08:37 am: The flight was last recorded in the Thousand Islands regency, an archipelago north of Jakarta, reports CNN.
08:20 am: According to Flight Radar 24, a Sweden-based flight monitoring agency, the ADS-B data that was transmitted by the aircraft shows an increase in speed and decrease in altitude at last transmission.
08:19 am: The flight was operated by Boeing 737 MAX 8 registration PK-LQP. The aircraft was delivered to Lion Air in August of this year. It is powered by two CFM LEAP-1B engines. According to Flight Radar 24, the Max 8 is a significantly updated version of the single-aisle 737 from Boeing. It has CFM Leap-1B engines, larger cockpit displays, new advanced technology split winglets and a new tailcone.
08:18 am: An Indonesian Lion Air passenger plane goes missing shortly after taking off from Jakarta, an aviation authority official says, adding “Lion Air JT 610 has lost contact ” and a search and rescue operation is underway
08:17 am: The flight Lion JT 610 took off from Jakarta's Soekarno-Hatta International Airport at 06:10 am (local time) and was scheduled to land in Pangkal Pinang at 7:20 am.

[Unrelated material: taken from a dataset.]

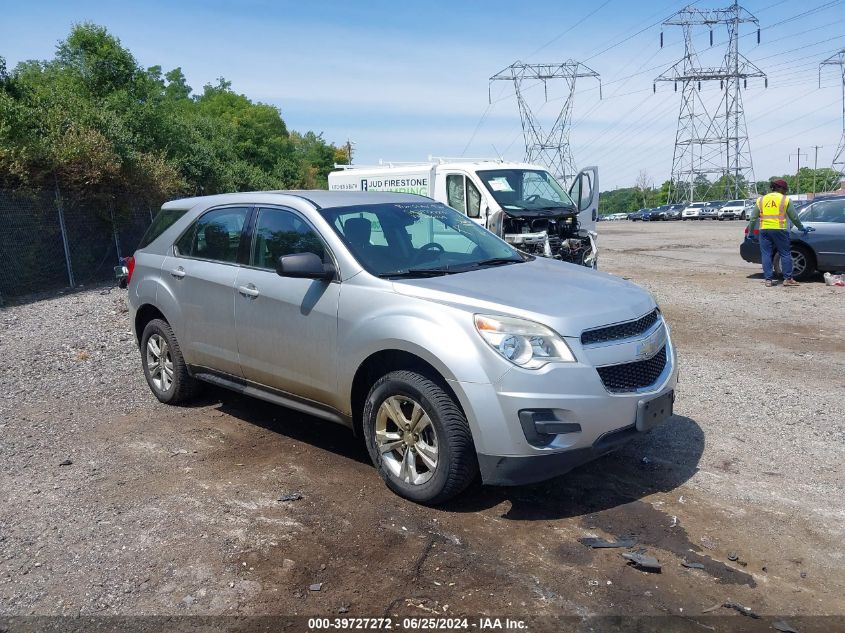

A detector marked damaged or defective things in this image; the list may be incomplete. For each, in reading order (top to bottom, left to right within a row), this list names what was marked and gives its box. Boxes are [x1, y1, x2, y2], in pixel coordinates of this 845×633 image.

Indonesia's disaster agency posted photos online of a crushed smartphone, books, bags and parts of the aircraft fuselage that had been collected by search and rescue vessels that have converged on the area.
Spokesman Sutopo Purwo Nugroho said the aircraft, on a 1 hour and 10 minute flight to Pangkal Pinang on an island chain off Sumatra, was carrying 181 passengers, including one child and two babies, and seven crew members.

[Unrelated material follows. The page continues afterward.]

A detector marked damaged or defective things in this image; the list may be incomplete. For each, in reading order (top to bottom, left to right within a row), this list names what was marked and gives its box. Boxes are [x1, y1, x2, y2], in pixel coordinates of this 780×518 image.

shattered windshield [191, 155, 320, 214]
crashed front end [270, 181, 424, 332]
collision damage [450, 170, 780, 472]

Indonesian TV broadcast pictures of a fuel slick and debris field.
The National Search and Rescue Agency said the flight ended in waters off West Java that are 30 to 35 meters (98 to 115 feet) deep.
The agency's chief Muhammad Syaugi told a news conference that divers are trying to locate the wreckage.
The Boeing 737-800 plane departed Jakarta, about 6.20 a.m. for Pangkal Pinang. Data for Flight 610 on aircraft tracking website FlightAware ends just a few minutes following takeoff.
The Lion JT 610 was Boeing 738 flight with a capacity of 168 passengers. However, it was not immediately clear how many passengers and crew were on board the flight at the time of the crash.
Meanwhile, authorities have commenced a search and rescue operation for the missing flight.
"It's true that Lion Air JT 610 has lost contact. We have forwarded the information to search and rescue teams," AirNav Indonesia spokesman Yohanes Harry Douglas said in a statement.